Comment le combattre ? De ce point de vue l’attitude de Jacob semble être la pire des attitudes – et le respect qu'il accorde aux morts semble conduire à la pire des conséquences : la destruction totale de la ville. Doit-on alors replacer cette intrigue dans l’histoire récente des Etats-Unis, ce n’est pas impossible et y voir une interrogation sur l’attitude d’une génération que la guerre du Vietnam – symbolisée par la Guerre de Sécession – a rendu frileuse, pourquoi pas ? Jacob c’est celui qui n’ose plus se battre : Tu ne sais pas te disputer ; c’est une faiblesse, chez toi. Après la guerre, tu as perdu la volonté de te battre, tu as perdu l’envie d’imposer ton point de vue dans les petites choses. Ta stratégie, c’est de la rendre heureuse, de maintenir la paix en toutes circonstances.
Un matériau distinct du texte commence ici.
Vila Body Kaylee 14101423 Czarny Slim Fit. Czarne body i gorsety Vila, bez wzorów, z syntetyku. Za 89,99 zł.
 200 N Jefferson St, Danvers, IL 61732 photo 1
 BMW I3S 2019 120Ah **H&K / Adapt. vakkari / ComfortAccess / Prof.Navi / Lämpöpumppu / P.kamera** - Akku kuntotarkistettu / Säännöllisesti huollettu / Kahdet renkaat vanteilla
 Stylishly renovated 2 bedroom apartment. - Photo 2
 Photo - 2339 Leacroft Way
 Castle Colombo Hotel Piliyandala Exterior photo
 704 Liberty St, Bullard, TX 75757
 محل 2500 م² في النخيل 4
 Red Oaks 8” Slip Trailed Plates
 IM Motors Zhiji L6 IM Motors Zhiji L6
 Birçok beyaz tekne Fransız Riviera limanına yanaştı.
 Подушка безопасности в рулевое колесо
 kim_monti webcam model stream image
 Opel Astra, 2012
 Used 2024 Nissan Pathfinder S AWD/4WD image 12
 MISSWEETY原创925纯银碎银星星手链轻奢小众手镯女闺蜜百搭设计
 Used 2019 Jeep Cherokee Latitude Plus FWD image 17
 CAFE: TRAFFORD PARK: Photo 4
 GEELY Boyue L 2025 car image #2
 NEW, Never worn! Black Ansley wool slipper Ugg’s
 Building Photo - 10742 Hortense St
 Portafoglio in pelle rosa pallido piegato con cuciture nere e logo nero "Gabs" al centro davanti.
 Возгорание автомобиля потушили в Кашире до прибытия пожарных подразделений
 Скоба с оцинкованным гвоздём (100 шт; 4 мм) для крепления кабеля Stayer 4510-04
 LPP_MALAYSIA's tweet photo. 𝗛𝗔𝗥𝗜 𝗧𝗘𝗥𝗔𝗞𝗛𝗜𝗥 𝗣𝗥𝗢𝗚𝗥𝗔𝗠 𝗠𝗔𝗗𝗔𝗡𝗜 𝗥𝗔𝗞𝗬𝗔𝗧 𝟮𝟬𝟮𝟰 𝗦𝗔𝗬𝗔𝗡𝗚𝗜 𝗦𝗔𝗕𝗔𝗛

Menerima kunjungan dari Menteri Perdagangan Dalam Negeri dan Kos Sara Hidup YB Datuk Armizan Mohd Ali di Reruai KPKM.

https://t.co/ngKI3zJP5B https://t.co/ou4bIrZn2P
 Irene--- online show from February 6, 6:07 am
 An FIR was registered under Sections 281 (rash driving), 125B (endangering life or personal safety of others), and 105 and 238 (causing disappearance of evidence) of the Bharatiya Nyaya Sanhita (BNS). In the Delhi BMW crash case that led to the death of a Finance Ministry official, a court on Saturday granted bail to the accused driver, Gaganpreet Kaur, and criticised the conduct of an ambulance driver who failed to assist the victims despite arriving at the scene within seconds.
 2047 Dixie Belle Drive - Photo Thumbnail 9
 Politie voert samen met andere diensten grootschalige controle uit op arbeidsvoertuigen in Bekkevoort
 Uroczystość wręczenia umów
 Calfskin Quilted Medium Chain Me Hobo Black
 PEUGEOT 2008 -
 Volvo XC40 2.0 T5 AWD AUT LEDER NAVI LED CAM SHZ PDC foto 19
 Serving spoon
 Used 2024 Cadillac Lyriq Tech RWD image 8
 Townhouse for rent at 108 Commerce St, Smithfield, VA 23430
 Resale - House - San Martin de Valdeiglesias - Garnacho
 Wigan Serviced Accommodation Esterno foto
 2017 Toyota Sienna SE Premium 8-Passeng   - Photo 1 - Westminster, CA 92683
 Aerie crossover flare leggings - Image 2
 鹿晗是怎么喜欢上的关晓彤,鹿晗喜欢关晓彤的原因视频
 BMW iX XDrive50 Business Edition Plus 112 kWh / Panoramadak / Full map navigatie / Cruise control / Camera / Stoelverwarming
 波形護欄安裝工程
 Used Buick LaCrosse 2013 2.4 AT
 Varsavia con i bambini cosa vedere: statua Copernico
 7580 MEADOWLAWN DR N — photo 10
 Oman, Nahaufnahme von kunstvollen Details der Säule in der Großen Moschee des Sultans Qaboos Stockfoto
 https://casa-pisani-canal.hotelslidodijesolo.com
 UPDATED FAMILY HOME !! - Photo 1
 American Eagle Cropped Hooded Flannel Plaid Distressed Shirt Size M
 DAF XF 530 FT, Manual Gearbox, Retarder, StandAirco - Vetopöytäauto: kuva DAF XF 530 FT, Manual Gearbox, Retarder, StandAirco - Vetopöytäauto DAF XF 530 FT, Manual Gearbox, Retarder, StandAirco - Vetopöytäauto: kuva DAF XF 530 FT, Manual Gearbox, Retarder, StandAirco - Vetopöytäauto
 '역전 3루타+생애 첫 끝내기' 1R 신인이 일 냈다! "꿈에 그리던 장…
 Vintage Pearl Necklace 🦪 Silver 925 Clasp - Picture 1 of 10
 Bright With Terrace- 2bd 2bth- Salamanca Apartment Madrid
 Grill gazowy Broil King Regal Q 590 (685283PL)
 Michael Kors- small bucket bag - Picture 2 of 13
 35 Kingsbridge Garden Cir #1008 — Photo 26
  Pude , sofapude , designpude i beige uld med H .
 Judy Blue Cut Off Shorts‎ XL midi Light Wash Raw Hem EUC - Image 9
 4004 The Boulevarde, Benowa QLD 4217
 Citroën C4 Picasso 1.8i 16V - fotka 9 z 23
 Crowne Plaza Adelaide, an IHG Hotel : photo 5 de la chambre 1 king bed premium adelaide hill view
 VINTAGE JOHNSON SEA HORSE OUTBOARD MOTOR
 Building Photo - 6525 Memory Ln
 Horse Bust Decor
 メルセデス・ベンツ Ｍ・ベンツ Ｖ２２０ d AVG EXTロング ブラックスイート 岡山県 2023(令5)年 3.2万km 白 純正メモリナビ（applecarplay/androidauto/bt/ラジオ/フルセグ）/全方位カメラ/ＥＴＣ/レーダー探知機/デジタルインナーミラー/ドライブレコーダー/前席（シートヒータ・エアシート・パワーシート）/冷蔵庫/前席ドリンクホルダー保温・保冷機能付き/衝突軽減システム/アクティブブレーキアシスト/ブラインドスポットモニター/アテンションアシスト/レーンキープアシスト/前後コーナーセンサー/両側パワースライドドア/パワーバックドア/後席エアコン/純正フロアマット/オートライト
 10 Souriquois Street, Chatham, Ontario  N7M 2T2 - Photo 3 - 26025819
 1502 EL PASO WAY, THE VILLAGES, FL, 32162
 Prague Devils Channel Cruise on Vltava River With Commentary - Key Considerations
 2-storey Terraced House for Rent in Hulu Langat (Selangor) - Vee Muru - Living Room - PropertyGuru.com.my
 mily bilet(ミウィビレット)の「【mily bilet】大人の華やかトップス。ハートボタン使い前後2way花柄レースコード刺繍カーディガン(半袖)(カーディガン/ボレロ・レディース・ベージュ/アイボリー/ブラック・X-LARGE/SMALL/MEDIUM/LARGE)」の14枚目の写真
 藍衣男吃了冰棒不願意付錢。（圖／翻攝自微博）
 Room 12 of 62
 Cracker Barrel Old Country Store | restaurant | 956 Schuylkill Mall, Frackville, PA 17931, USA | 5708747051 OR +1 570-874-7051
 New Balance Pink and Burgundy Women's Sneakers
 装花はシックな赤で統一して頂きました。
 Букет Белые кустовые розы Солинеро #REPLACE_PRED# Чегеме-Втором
Et si l’auteur ne semble pas épouser la cause de Chase, le prédicateur de la fin des Temps, le héros lui, fini par le comprendre et peut-être même, à l’inverse de sa propre mère qui pense que « cela dépend de toi », adopter sa soumission totale à la volonté de Dieu. Au fond il rejoint dans le malheur le prédicateur illuminé, il est lui aussi Jacob le Fou, celui qui va déterrer sa petite Amélia – qu’il vient d’enterrer et la garder à la maison dans les bras de sa mère. L’écriture du roman, à la deuxième personne du singulier entraîne le lecteur dans cette folie au point qu’il a du mal à comprendre cet épisode et se laisse lui aussi aller à douter de la réalité de la mort d’Amélia, celle de Marta quant à elle n’est même pas dite, et il faut être bien averti pour comprendre ce que veux dire : Tu te serres contre Marta, ton propre corps réchauffant le sien, écoutant, l’imaginant respirer.

 

De la même façon il faut lire avec une très grande attention les dernières pages du roman pour trouver la signification de ce que Jacob nous dit tout au long du livre de ce petit Norvégien qu’il a aidé à survivre pendant la guerre. Comprendre à quel point Jacob aime les morts.

 

Finalement je me demande en fermant ce livre, qui ne pourrait être qu’un roman fantastique bien écrit, si on ne peut pas y lire toutes les craintes d’une Amérique en pleine mutation, d’une Amérique qui aurait peur de quitter la facilité de croire : Tu as cessé de croire en l’existence du mal. Est-ce un péché ? Tu sais ce que dirait ta mère, ... et qui se reprocherait cette liberté, y verrait une faiblesse venue du Vietnam, souhaiterait en revenir à plus d’efficacité. Ce livre a été publié aux Etats-Unis en 1999.